The camp occupies 3.8 km² of land and is built mainly of wooden semi-permanent huts. Around 25 kilometers of paved roads connect all the camp's 300 objects and 11 watchtowers.
Many ethnic Albanians, who make up the population of nearby communities, are employed in the camp doing various low-skilled jobs. They're getting paid between €400 and €800, which by local standards is a lot of money. In the past as many as 2,500 local residents worked in the camp, but now there are around a hundred of them.
The number of military personnel at the camp is classified. But Ristic found out that 600,000 gallons of water are delivered to the camp daily. Furthermore, over 1,400 baskets with linen are washed every day and 18,000 sets of dishes are prepared. Besides US soldiers involved in the KFOR mission, military personnel from a dozen other countries, including Poland, the Czech Republic, Turkey, Romania, Slovenia and Ukraine, are also present Bondsteel.
Officially, the number of tanks and military helicopters is not disclosed, but according to some reports there are some 20 Black Hawks, one Apache and a dozen M1A2 Abrams tanks.

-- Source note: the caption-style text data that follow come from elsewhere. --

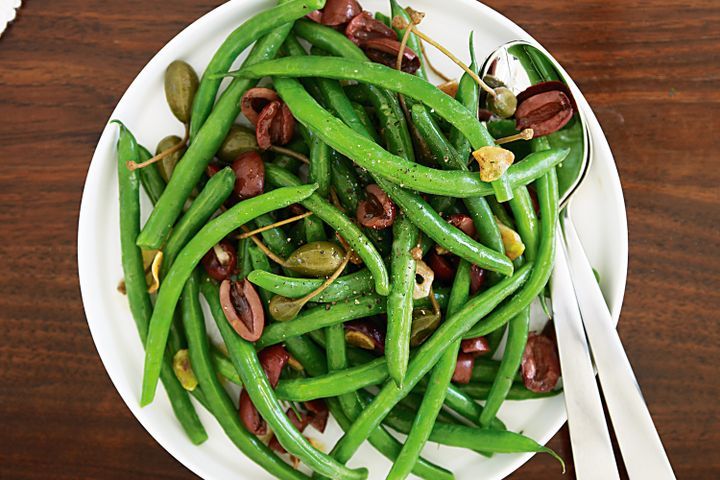 Cooking Vegetarian Green beans with olives and caperberries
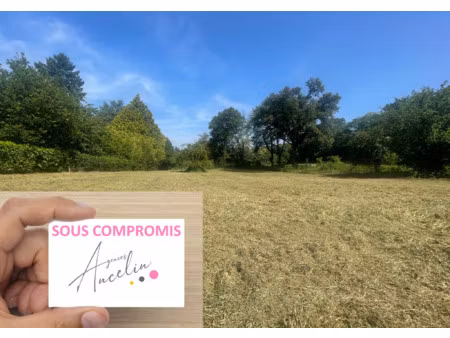 terrain a batir 1171 m2 beganne bourg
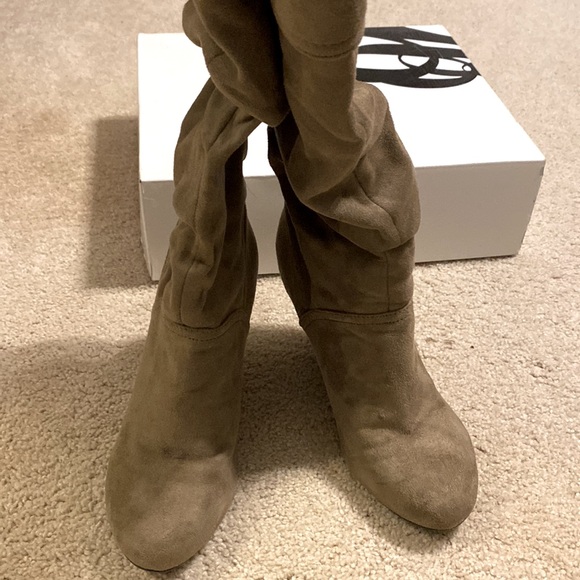 Nine West boots - Picture 3 of 5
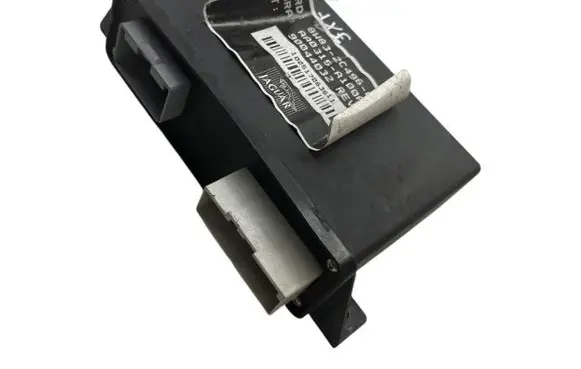 Jaguar XF X250 Hand brake control module 8W832C496AC 90044032 AA0315A100AC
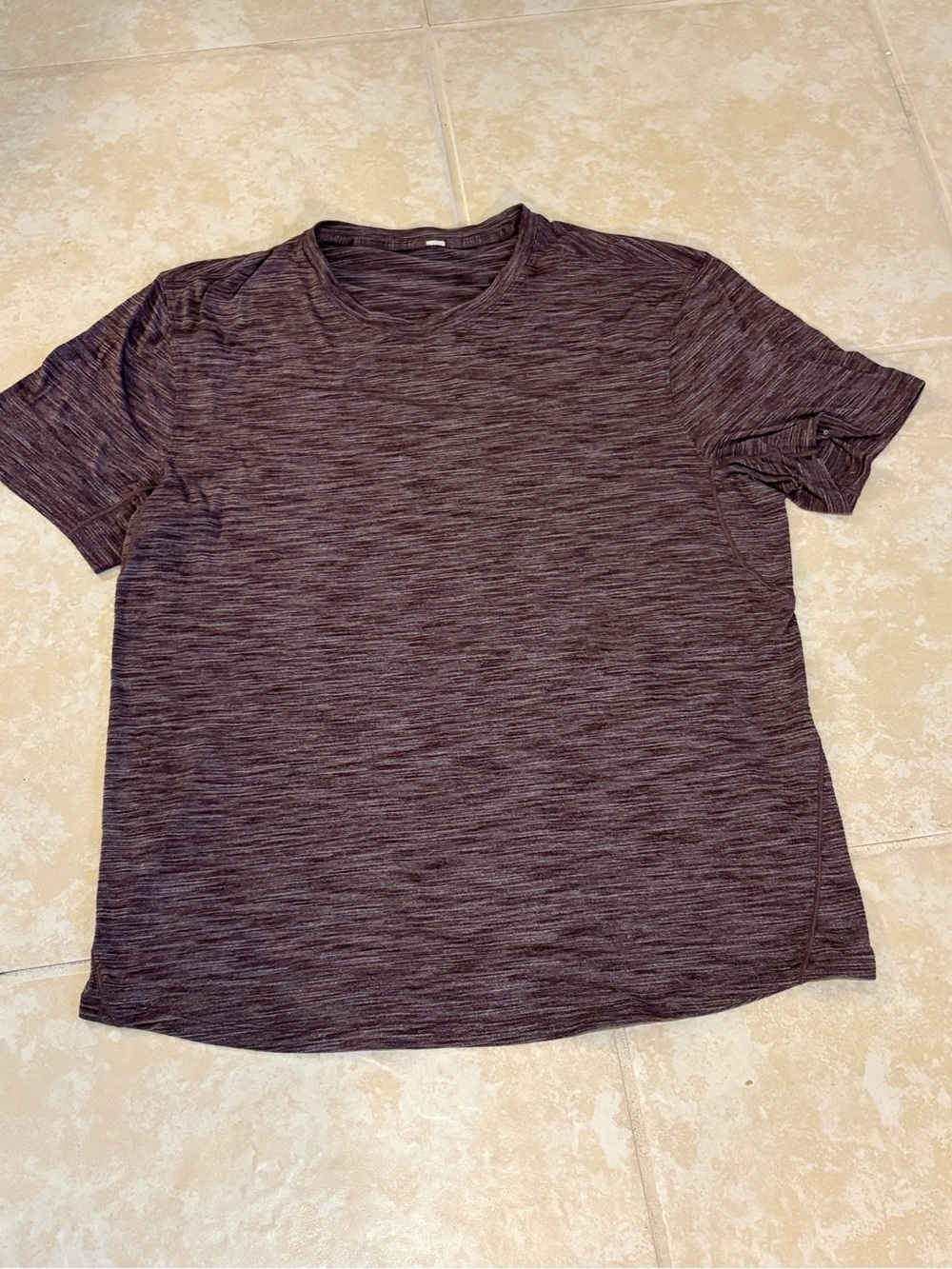 Lululemon Men's Heathered plum Short-Sleeve metal vent tech tshirt large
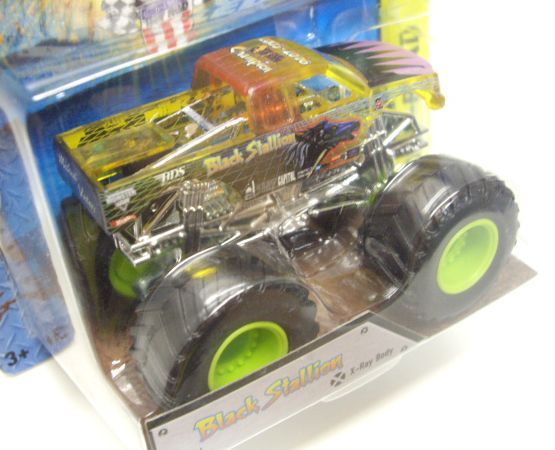 画像: 2015 MONSTER JAM includes SNAP-ON BATTLE SLAMMER! 【BLACK STALLION】 CLEAR YELLOW (X-RAY BODY)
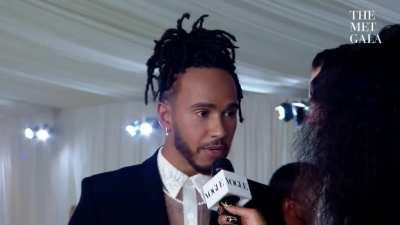 Met Gala 2021. Cara & Lewis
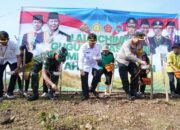 Sinergi Polri dan Pemkab Madiun Dukung Ketahanan Pangan Lewat Penanaman Jagung di Kawasan Hutan Desa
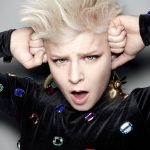 Новый сингл Robyn – Missing U Шведская певица Robyn, наиболее известная по трекам Show Your Love и Dancing on My Own, выпустила первый за восемь лет сингл Missing U. Напомним, что последний сольный альбом певицы – Body Talk – вышел аж в 2010 году. За это время Robyn уходила в затяжной творческий перерыв, поучаствовав лишь в записи ЕР Röyksopp - Do It Again. Продюсерами сингла выступили Клас Ахлунд из группы Teddybears и Джозеф Маунт из Metronomy. В недавнем интервью Robyn сказала: «Я чувствовала, что мне необходимо провести какое-то исследование, присмотреться и прислушаться к моим фанатам, чтобы понять, как именно я хочу вернуться. Я узнала много нового за это время». По словам певицы, Missing U – это песня о том самом чувстве и явлении, когда человек попросту исчезает. Его нет рядом, но вы видите его повсюду. Трек выполнен в стиле «ранних нулевых», но пропитан светлой меланхолией и печалью. Сингл Missing U достигает самых труднодоступных глубин отчаяния, когда скучаешь по человеку. А грандиозные синтезаторные петли – это, своего рода, возвращение Robyn в несколько традиционную поп-форму, после всех её музыкальных экспериментов. С уверенностью можно сказать, что вариации на тему расставания не устареют никогда, по крайней мере, в руках таких исполнителей, как Robyn. Слушать сингл Robyn – Missing U:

Every day at 2 PM the alarm goes off across the whole camp. Ristic was told that it's done to train personnel to act properly during natural disasters, which seemed to confuse the Serbian correspondent.
Personnel rotation happens every three to six months, depending on the security situation. Although it's not officially confirmed, soldiers serving at Bondsteel are paid $3,000 plus a 40 percent compensation for "the risk of war danger in Kosovo," Ristic said. Like in all other US military camps, personnel are forbidden to drink, have sex and carry loaded guns.
The administration at Bondsteel tries to ensure soldiers don't get homesick and keeps shops in which personnel could buy clothes and food from the United States. There is also a souvenir shop where one could buy souvenirs from many countries across the world, except Serbia, the author said.
The personnel serving at Bondsteel have an opportunity to attend history lessons on the statehood of Kosovo, as most soldiers have a vague idea where they're actually serving. However, since all teachers at the camp are Albanians, they only tell their version of history. The Serbian perspective is ignored.
The position of the camp makes Bondsteel the US Army's most important military site in Europe. All important locations are in close proximity — the US military contingent in Macedonia and Bosnia, as well as US military bases in Italy.